The numbers reflect decisions made before the novel coronavirus shook the Canadian economy this year. The compensation packages include cash salaries and bonuses, plus other benefits, but are heavily weighted toward company stock.
Telus president and chief executive officer Darren Entwistle earned $12.92-million in total compensation in 2019, up from $12.56-million the year before. While his salary remained the same at $1.38-million, his annual performance bonus rose to $727,765 from $669,798 in 2018 and his share-based compensation climbed to $9.98-million, from $9.64-million.
Telus said it scored at 66 per cent on a corporate scorecard that measures nine performance measures. It missed on customer-satisfaction and adjusted EBITDA (earnings before interest, depreciation and amortization). The board, however, gave Mr. Entwistle 180 per cent of the target for his portion of the bonus – one-fifth of the total – based on individual performance.
Earlier this month, Telus announced that Mr. Entwistle would donate three months of his base salary – an estimated $350,000 – to purchasing masks, gloves and other personal protective equipment for health care workers battling the COVID-19 pandemic, as well as ventilators and other urgently needed medical equipment. His family foundation matched the donation.

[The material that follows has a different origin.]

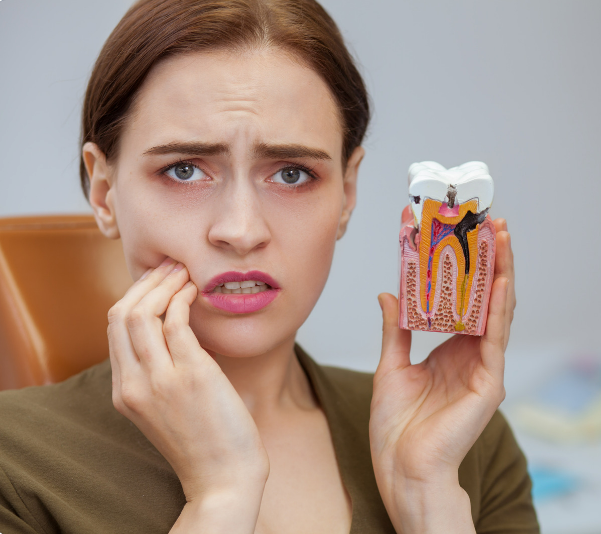 Woman in dental chair clutches cheek in pain, holding a tooth model showing a decayed tooth, grimacing.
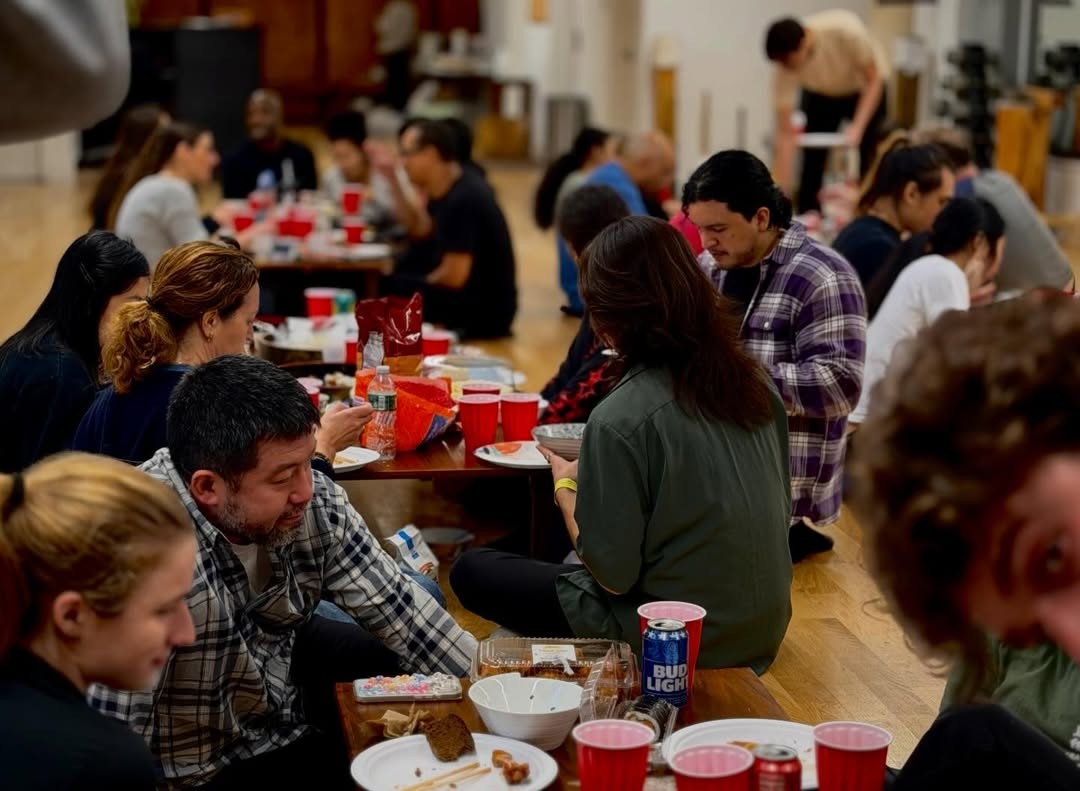 White plate with roasted carrots served on green sauce, topped with almonds and fresh herbs, held by a hand over a dark table.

BCE’s George Cope, who retired as CEO in January, received $12.64-million in total compensation in 2019, up from $12.01-million the previous year. While his salary and share-based compensation remained stable, his annual bonus rose to $3.46-million, from $2.81-million in 2018.
BCE uses a corporate performance index as part of its bonus calculation. The company beat its goals for adjusted EBITDA and revenue, but missed on free cash flow. It also considers progress on “strategic imperatives.” All told, the corporate performance index was 107 per cent in 2019, compared with 95 per cent in 2018, leading to higher bonuses. The company also noted a smooth leadership transition as Mr. Cope passed the reins to Mirko Bibic, a former regulatory lawyer who most recently served as the company’s chief operating officer.

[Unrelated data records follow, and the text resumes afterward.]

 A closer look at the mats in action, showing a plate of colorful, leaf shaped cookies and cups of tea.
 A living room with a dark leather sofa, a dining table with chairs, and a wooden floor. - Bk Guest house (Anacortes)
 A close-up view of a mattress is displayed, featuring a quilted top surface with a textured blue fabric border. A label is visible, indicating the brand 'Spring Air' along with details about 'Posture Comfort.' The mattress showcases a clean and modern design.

Rogers CEO Joe Natale, meanwhile, took home $11.7-million in total compensation last year, up from $11.55-million in 2018. His base salary increased slightly to $1.31-million last year, from $1.27-million in 2018, while his share-based awards and option-based awards rose to $4-million each, from $3.75-million previously.
Mr. Natale’s annual bonus declined to $1.5-million, from $1.96-million in 2018. Rogers calculates executive bonuses based on a combination of company, team and individual performance. The corporate and individual components were lower in 2019 compared with the previous years, culminating in a lower bonus for Mr. Natale, corporate filings show.
Telus stock returned 16.3 per cent last year, while BCE shares returned 17.4 per cent. Rogers stock, which took a battering last fall after the company’s strategic shift to unlimited data plans led to a sharp drop in overage charges, returned minus 5.1 per cent.